Yes. It offers better scalability! E.g. at my university, our institute has its own IPv4 /24. That means a maximum of ~253 or so devices. We have exhausted that number and for every new client, an old one has to go. Now with a /64 this would be no problem at all.
To mitigate this the IT department is currently using VLAN-tagging for some of the devices. But it gets convoluted. And the more convoluted it gets, the higher is the chance for misconfiguration, errors, and security issues. Yet, they don't want to make the switch to IPv6 already.
He didn't say "all", he said "many". And that is factually right. Many ISPs use DSLite/CGNAT and don't hand out public IPv4 addresses to their customers anymore. Yes, some offer the option to change to a public IPv4, some charge extra money for this feature, and some don't offer it at all!
E.g. my ISP doesn't hand out public IPv4 and you can't order it, unless you change to a business contract. However, my ISP is doing some weird 1:1-NAT, so while I don't get assigned a public IPv4 to my router, I do get assigned a single IPv4 on the CGNAT router that also translates back to my home network.
Yes, it seems like it is behind the times. It doesn't matter much at the moment, as there are no real IPv6-only services of relevance (unless you need to connect to the private IPv6-only NAS of a friend or sth like that).
That just proves you haven't understood IPv6 yet. ULA addresses make it much easier, e.g. fd00::1 or fd00:2 (though this is bad practice, should be fdxy:zvwx:xyzw, xyvwz being random).
So same trust you put in any 3rd party DNS service. But I agree there's less contractual bindings to this service than an account somewhere that you even might pay some money for it.
Their business seems to lie elsewhere. This appears to be a minor service they offer free of charge to the IPv6-interested community, maybe to promote IPv6 usage.
No, I am not affiliated with them (though we follow each other on Twitter). My point is, I don't see any security implication involved with a wrong PTR record in relation to this service. If I set the PTR of my IP to this domain, but the domain itself resolves to some other IP. Or are you implying they can only request a cert if the PTR matches the domain? At least for LetsEncrypt this is not true, otherwise home owners with dynamic IPs wouldn't be able to request certificates.

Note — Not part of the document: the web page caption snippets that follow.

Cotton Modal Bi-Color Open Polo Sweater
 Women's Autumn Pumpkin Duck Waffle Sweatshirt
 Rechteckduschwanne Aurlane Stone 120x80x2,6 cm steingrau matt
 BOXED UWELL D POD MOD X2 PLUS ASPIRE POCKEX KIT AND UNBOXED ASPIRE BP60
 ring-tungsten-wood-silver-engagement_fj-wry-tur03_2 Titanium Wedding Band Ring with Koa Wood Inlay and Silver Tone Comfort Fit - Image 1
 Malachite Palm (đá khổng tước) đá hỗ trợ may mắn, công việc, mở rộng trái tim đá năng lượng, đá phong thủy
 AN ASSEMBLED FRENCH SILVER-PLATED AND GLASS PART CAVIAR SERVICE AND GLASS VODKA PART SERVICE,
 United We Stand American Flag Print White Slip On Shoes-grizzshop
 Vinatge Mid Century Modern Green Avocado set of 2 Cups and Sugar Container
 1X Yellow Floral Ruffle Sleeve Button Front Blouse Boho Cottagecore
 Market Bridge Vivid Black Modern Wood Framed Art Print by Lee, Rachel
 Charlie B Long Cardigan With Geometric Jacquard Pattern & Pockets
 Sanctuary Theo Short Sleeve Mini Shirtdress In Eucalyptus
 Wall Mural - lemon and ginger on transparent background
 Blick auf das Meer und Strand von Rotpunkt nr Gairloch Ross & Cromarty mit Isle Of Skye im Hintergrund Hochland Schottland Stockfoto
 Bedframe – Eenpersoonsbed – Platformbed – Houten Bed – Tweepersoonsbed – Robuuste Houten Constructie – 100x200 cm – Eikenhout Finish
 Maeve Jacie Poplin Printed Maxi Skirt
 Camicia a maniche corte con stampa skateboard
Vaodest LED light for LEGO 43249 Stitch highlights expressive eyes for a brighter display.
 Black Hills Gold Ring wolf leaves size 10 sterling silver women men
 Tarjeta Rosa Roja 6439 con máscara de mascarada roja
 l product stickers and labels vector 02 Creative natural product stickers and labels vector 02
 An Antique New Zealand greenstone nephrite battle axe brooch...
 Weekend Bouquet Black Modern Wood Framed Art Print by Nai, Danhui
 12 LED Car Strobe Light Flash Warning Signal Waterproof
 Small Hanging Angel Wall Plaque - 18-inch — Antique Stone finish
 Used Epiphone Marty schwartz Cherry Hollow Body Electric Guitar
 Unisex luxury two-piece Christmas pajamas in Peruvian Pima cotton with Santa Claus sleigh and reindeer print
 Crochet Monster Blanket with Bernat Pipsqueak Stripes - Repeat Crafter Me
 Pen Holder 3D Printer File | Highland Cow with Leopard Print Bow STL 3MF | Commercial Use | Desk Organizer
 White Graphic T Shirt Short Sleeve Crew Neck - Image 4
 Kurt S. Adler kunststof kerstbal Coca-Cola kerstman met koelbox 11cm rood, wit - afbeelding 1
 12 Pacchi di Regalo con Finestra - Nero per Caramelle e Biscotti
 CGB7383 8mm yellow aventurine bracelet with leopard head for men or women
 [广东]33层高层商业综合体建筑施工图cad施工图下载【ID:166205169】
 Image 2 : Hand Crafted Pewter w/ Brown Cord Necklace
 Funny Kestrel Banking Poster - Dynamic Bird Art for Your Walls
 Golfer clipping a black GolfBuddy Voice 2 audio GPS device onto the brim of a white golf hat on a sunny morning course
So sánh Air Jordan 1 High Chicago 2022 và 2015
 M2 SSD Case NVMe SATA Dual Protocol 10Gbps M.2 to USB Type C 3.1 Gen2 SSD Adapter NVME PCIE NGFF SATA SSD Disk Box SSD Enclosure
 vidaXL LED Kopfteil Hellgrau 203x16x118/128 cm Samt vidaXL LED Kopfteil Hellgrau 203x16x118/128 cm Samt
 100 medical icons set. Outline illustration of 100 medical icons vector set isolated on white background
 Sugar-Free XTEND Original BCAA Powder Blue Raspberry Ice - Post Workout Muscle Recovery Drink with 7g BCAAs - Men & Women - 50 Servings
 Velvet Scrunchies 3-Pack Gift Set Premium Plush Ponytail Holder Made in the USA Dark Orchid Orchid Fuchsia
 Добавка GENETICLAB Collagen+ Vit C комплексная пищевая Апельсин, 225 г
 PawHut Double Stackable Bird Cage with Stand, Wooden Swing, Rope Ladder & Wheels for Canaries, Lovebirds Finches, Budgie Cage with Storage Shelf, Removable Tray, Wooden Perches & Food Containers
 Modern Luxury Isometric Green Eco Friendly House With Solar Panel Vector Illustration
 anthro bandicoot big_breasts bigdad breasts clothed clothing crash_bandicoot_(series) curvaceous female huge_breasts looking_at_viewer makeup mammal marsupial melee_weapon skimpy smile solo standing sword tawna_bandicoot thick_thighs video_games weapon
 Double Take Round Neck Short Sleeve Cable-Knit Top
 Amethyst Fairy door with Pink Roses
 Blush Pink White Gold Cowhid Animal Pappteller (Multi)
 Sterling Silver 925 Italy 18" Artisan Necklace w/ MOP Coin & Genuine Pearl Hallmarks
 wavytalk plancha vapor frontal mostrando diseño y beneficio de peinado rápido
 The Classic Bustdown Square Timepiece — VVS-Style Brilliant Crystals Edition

Yes, you are missing something: S3 bucket resolves to Amazon's servers. <ipv6>.has-a.name resolves to the ip address specified in <ipv6>. You will have to install the certificate on the actual server that serves the webpage. For S3 bucket this is Amazon, so they can put their certificate. For your own IP, you need to install the certificate yourself, so they would have to hand you their private key as well, which is not allowed.
Same/similar working mechanism is built-in into Windows since Vista:
1234-5678--abcd.ipv6-literal.net
This doesn't even need functioning DNS and can work offline (add s<devnumber> for link-local addresses).